The TAU according to Puharich is 3 seconds on a single phase system but he doesn't rectify the signal via a diode and reduce the gate by 50% where Stan does.

If you rectify the gate on a single phase system then your TAU needs to be 6 seconds into the primary because you are doubling the gate frequency, also, the carrier and modulations will double in frequency.

 ==============================================
NAV Stating the Gate Delay versions or trying to firm it
==============================================
There seems to be a pattern building here:

NAV Re read and Correct  below

1. 3 phase systems have a gate of .5hz (2 seconds) which is rectified into one second per phase for a total of 3 second TAU. What Happens when 5 khz?

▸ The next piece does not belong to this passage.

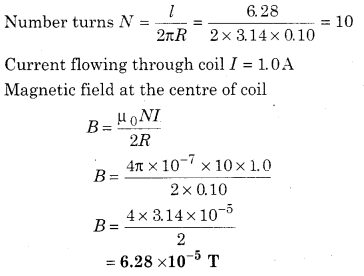 RBSE Solutions for Class 12 Physics Chapter 7 Magnetic Effects of Electric Current 52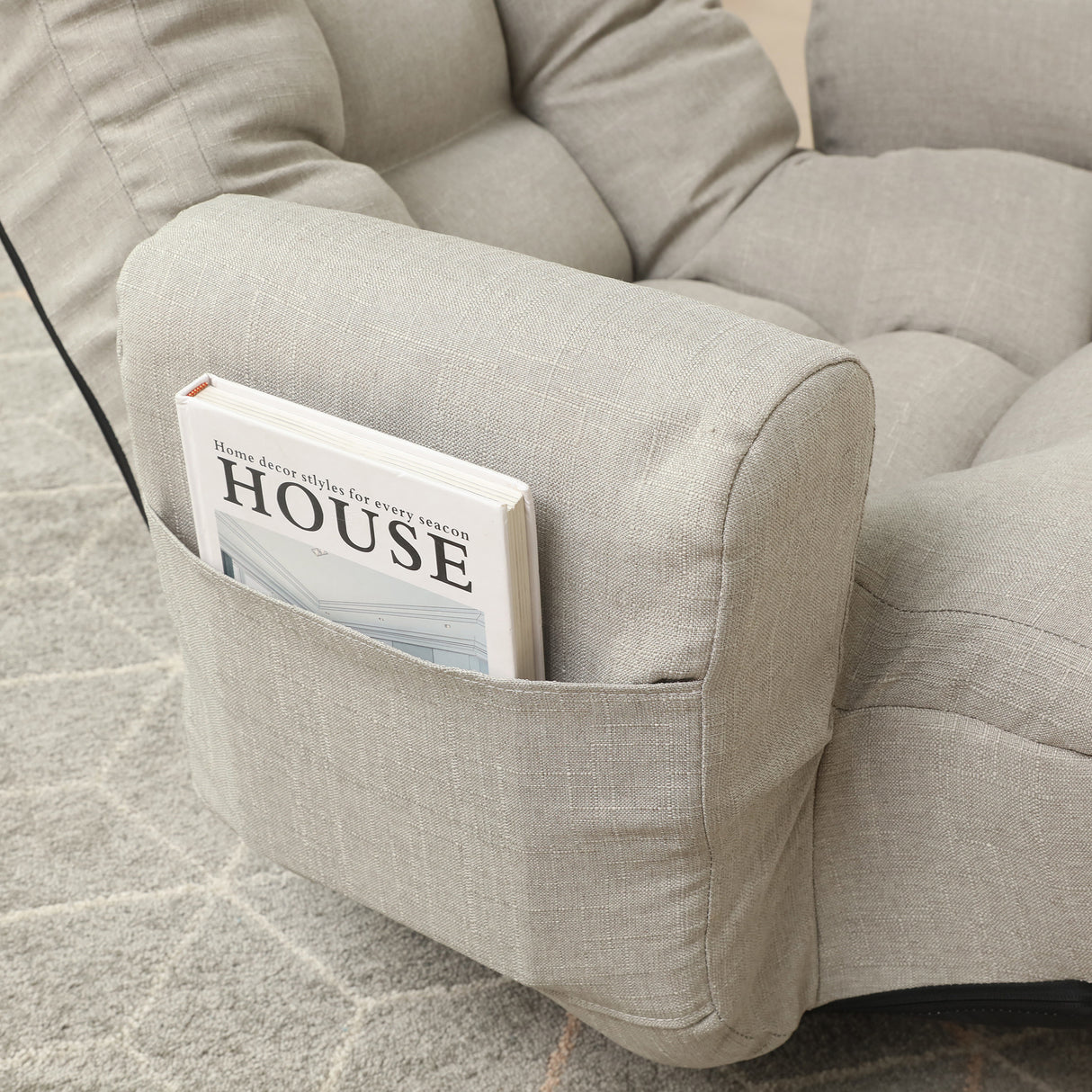 Adjustable Lounge Chair with 360 Degree Rotation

2. Single phase systems WITHOUT a diode have a 3 second TAU. noted

3. Single phase systems WITH a diode would need a TAU of 6 seconds, a carrier frequency of 2khz and modulations half of what you require in frequency. Noted and Considered

============================================================
Navs Comment  = SOLID STATE vs OPTO Relay Switch
============================================================
Take note that Stan used a solid state relay on the last ever control box,
AS
 If you use an SCR driven by an optocoupler it presents you with a problem.

The dynamics of the SCR can stop the control frequency operating to its full potential and cause clipping and the bias of the SCR presents you with another set of problems in relaying complex frequencies.

A solid state relay stops this problem totally because there is no bias and there will be no clipping of the signal.